The PPro suite, although pricey in comparison to Vegas is about what you'd pay for Vegas, ACID and Sound Forge together and you get more unique apps with PPRo.

Never used for me is Edius - another thread here piqued my interested though and i REALLY like the Grass valley realtime hardware support i saw on their website

I really like Vegas, been through many versions and its been SOLID(ACID and Sound Forge as well) ...others have had problems, obviously - and of course every app is going to have problems on some systems! Even mates of mine who use AVID in high end post houses have AVID system techs on speed dial if and when things go south (and yes they bitc* and complain about AVID as well).


And Perrone, stating Edward has never said a good word about any other apps (is a shot in the dark unless you're combing through 6000+ posts) isn't reason a to dismiss his insight in to Vegas (You'll hear me bad mouth Nuendo till the comes come home:).

BTW i recently just had about hour of 1080p Cineform on the time line and three hours in the bins trying various versions of a music vid and vegas was solid!

Obviously I AM biased towards Vegas - but travel vids - which i've done in the past - worked for me in Vegas.

in the end - Download demos (does PPRo have a demo version?) and try out some real projects for yourself. Maybe Vegas and PPro won't meet your requirements at all and you can mortgage your house to buy a MAC, FCP and hardware:) We can windbag it here all night but in the end you gotta try before you buy!!

Andy Tejral March 21st, 2010 09:59 AM

Well, since there is no editor named Premier, I guess you'd have to go with Vegas.

In this business, unless you never create titles, spelling counts.

Perrone Ford March 21st, 2010 11:08 AM

Quote:

Originally Posted by Mike Calla (Post 1502977)
Originally Posted by Edward Troxel
"The bottom line is that each person must choose the one that fits THEM best."

Originally Posted by Perrone Ford
"I'd modify that to say, each person must choose what fits *their work* the best."



________________________

I would say that THEM and THEIR is the same difference...

________________________

I wouldn't. I prefer the way Vegas operates. I can cut simple jobs on it MUCH faster than anything else I've ever used. So Vegas suits me personally. However, Vegas cannot do captioning. Therefore it is useless for my work now. So what suits *ME* does not suit my work. Big difference.


Quote:

Originally Posted by Mike Calla (Post 1502977)
just some random thoughts

...For what I edit, mostly 30sec spots and very recently music videos, Vegas has been great. Used PPro recently again and some things i do in Vegas with a drag of the mouse is, as Edward said a "(...)much more complicated process to create a simple crossfade", in PPro. And to me the PPro layout has...too much, to put it simply.
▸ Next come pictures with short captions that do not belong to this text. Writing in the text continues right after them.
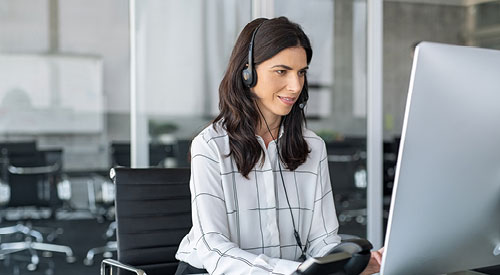 woman sitting at a desk in front of a computer wearing a headset attached to a phone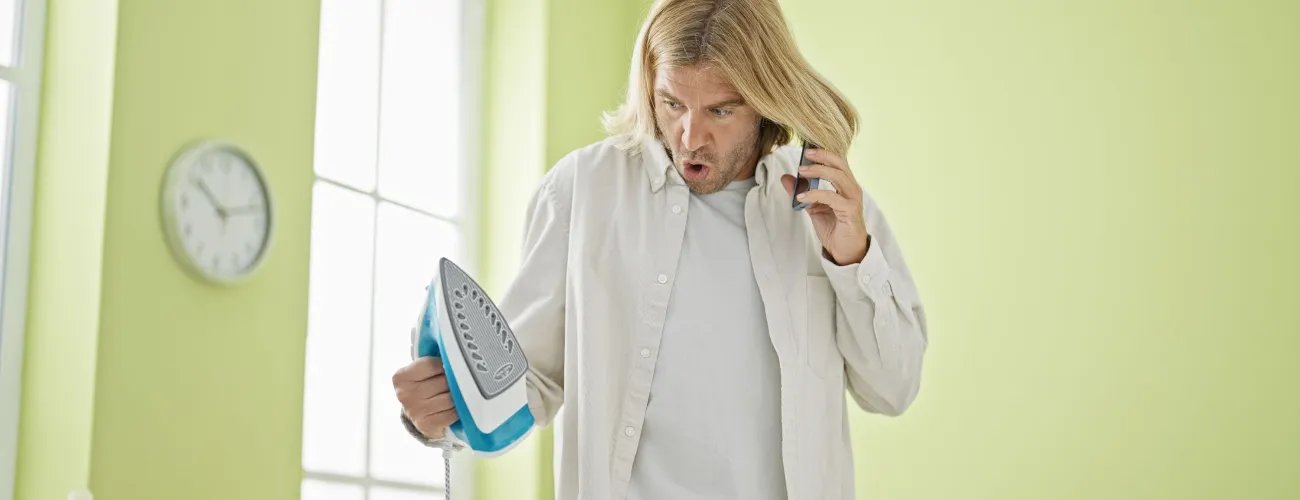 Homme paniqué avec un fer à repasser dans une main et un téléphone à l'oreille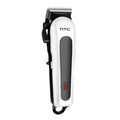 Black digital hair clipper with four plastic limiting combs and a bottle of oil on a white background.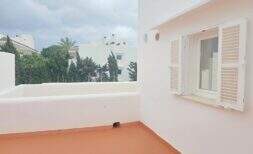 Sonnige Dachterrasse mit weißem Geländer, Fensterläden und Blick auf Bäume und Nachbargebäude in Cala d'Or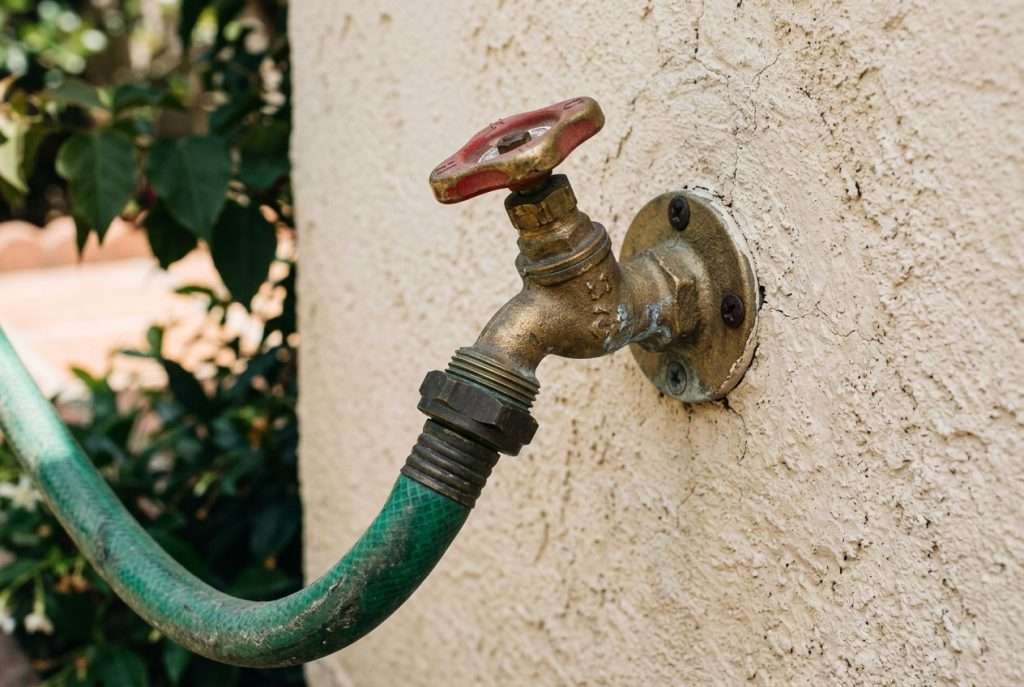 Brass hose bib outdoor faucet mounted on stucco wall with garden hose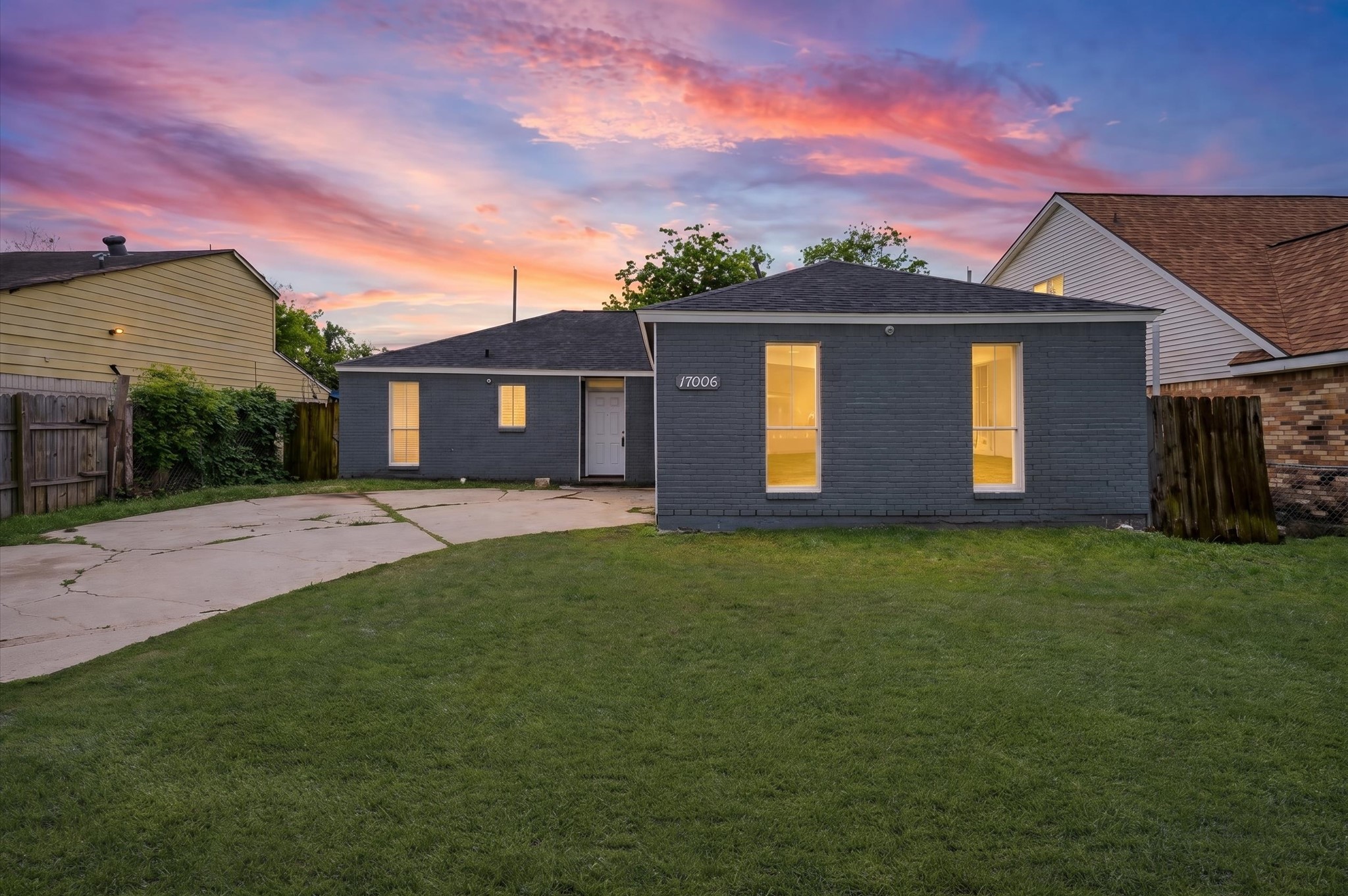 a front view of a house with a garden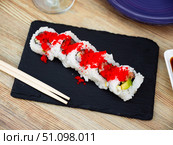 Sushi roll uramaki - tobiko roll with salmon, avocado, pepino, tobiko. Стоковое фото, фотограф Яков Филимонов / Фотобанк Лори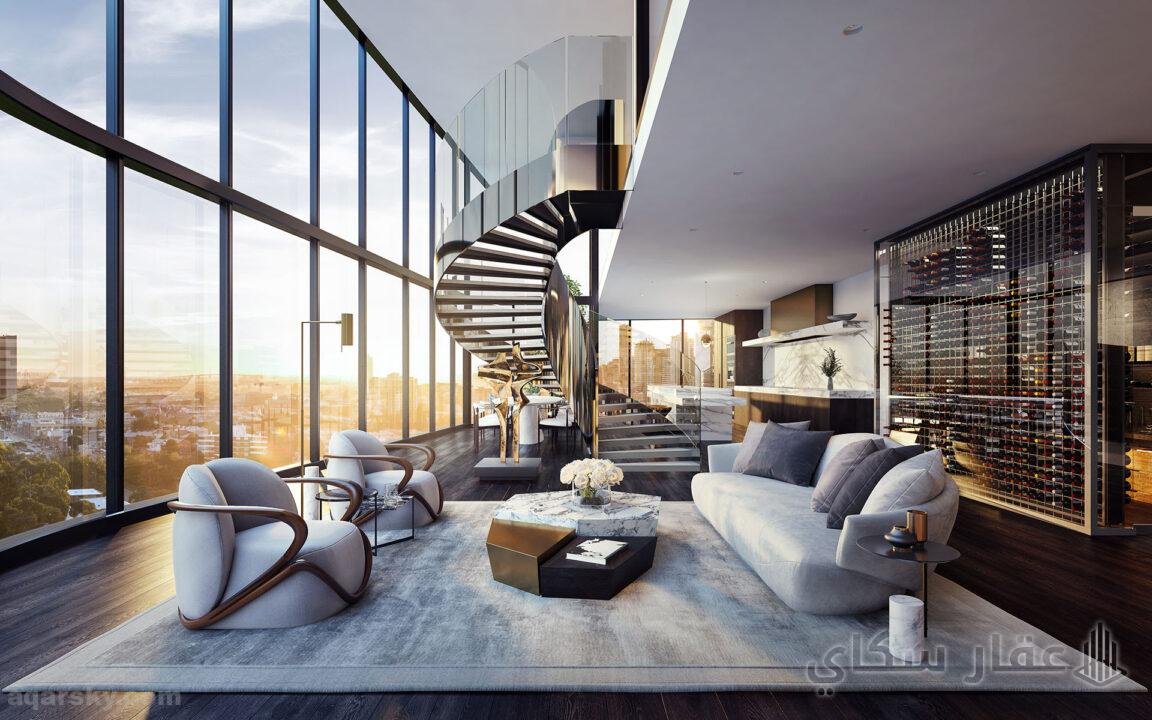 تصميم بنتهاوس a room with a spiral staircase and a couch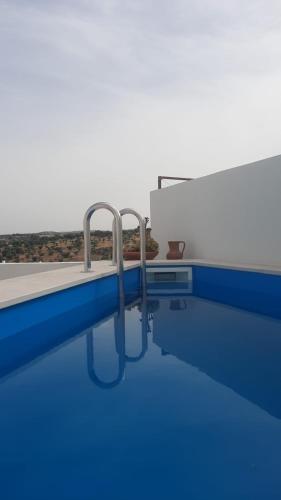 a blue swimming pool with two metal rails in it at Casa da Avó Dada in Torrão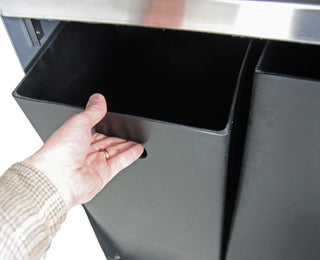 Frost 2021 indoor and outdoor dual-stream waste and recycling receptacle with brushed stainless steel waste inlets, grey powder-coated steel body, and two removable liners.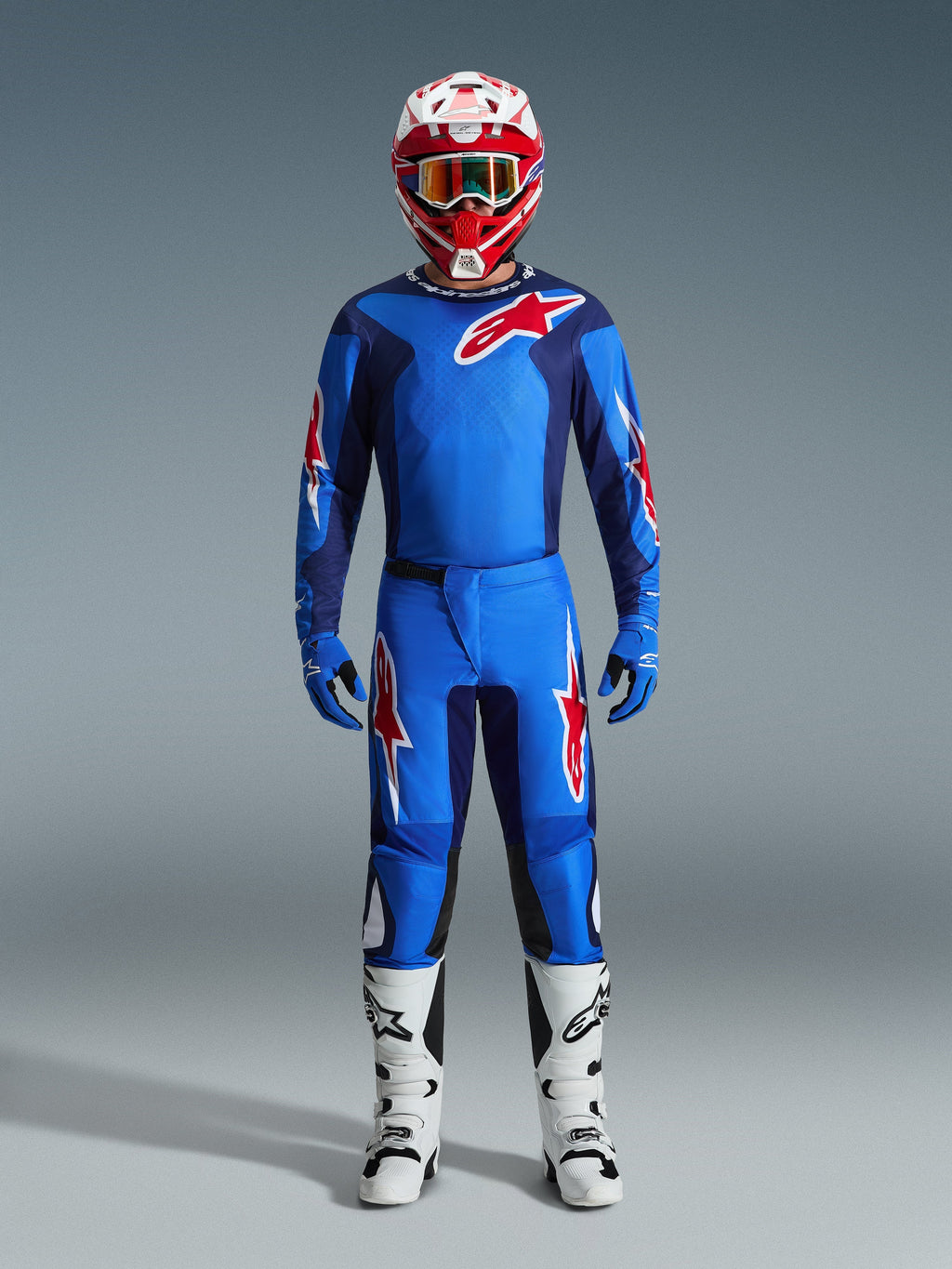 Pilote de motocross portant le pantalon Alpinestars Fluid Grid 2026 bleu et rouge, maillot bleu assorti avec un logo Astars rouge, casque rouge et blanc avec lunettes, gants bleus et bottes de motocross blanches, équipement de course tout-terrain complet et coordonné.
Yes, this is why I left Premiere. It was damned hard to do very simple things like crossfades. Vegas was so much faster and simpler, I couldn't understand why more things didn't work that way.

Quote:

Originally Posted by Mike Calla (Post 1502977)
PPro does have much more hardware options. Vegas' hardware options SUCK! For colour correct HD monitoring i had to spend BIG$$$$$$ on an AJA HD-SDI board and a Panasonic TH42PD12 monitor. I also use a JVC TM-H150 CRT via firewire and my commercials play to 100s of millions of TV viewers, so yes Vegas can do great work (btw seeing my work broadcast in HD for the first time was awesome).

Yep, and I did color for my first real film in Vegas. And seeing my work on the big screen for the first time, and my name in the credits was a similar thrill I imagine. So I agree, Vegas can do great work.

Quote:

Originally Posted by Mike Calla (Post 1502977)
The PPro suite, although pricey in comparison to Vegas is about what you'd pay for Vegas, ACID and Sound Forge together and you get more unique apps with PPRo.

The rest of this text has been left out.